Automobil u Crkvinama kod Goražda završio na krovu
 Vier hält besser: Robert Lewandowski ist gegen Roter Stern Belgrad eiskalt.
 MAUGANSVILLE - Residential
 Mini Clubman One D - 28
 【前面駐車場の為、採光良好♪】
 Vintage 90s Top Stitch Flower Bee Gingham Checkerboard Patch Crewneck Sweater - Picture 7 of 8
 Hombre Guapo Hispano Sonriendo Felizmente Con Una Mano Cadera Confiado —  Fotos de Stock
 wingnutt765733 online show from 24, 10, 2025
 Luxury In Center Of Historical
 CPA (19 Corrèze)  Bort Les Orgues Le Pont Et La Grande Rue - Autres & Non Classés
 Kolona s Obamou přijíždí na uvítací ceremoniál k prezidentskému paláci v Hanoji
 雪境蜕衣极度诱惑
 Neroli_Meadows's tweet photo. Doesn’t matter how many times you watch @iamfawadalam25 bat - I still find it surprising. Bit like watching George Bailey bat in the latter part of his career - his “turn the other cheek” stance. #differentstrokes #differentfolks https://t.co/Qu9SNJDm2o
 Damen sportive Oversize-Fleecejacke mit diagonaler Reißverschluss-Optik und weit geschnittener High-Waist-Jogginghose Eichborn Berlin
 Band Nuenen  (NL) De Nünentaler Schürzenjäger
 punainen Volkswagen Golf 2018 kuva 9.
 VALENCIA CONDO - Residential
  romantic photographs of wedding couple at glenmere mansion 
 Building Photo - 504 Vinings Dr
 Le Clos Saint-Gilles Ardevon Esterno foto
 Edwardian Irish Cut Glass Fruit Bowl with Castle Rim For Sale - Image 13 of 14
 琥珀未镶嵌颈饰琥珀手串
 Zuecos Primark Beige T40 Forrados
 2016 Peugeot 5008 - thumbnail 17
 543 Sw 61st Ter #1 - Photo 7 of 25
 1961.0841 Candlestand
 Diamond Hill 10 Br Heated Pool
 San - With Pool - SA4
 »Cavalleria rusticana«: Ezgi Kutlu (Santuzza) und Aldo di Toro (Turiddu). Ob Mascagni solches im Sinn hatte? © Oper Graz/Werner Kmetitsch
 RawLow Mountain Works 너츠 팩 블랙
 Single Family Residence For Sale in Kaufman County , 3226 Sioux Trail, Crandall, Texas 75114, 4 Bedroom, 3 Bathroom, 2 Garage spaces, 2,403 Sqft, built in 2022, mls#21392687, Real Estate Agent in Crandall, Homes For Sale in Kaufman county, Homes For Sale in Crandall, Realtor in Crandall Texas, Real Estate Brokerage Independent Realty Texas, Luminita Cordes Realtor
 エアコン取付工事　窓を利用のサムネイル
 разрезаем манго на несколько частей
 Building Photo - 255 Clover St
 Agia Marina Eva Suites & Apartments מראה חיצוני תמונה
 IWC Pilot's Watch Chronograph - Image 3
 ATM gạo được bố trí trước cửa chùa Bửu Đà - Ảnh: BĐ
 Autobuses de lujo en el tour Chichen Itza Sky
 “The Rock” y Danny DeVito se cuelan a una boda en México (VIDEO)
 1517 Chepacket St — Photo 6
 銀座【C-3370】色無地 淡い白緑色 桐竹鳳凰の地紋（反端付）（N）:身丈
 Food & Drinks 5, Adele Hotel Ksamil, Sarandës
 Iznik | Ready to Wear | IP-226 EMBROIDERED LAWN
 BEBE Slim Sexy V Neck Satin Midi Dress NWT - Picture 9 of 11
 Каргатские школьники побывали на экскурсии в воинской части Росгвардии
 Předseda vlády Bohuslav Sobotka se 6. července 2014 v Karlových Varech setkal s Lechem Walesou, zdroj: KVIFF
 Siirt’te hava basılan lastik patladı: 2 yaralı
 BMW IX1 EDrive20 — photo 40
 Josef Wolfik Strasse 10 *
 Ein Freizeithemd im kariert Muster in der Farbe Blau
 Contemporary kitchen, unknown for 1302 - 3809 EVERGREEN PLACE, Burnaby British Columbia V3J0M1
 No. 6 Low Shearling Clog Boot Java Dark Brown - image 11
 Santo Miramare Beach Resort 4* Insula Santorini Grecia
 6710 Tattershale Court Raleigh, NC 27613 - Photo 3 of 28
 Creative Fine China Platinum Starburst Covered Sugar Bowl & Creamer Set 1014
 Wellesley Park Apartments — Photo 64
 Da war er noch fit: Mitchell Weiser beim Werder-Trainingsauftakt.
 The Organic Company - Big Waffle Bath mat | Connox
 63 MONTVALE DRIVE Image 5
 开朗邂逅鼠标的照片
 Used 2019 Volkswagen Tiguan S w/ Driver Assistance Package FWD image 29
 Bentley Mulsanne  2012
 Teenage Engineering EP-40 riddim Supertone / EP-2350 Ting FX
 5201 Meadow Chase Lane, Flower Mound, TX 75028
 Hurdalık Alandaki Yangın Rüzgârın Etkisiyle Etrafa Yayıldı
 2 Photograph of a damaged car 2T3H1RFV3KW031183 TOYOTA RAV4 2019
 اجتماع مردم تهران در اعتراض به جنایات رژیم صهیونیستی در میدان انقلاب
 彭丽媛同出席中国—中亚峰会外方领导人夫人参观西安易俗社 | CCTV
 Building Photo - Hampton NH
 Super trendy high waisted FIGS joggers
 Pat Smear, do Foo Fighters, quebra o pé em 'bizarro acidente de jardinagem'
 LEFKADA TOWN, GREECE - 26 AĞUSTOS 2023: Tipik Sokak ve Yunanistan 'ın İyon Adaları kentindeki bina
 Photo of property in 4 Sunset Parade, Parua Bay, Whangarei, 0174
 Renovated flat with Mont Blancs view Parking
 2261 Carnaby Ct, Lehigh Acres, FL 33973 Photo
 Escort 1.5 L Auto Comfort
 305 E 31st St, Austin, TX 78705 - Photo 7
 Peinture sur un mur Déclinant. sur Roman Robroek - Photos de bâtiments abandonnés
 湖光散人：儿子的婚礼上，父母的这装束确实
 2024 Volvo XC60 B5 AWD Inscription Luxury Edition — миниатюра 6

•••

» Work required
How many of the lines above include the word "Building"? Only the number should be given.

» Task solution
3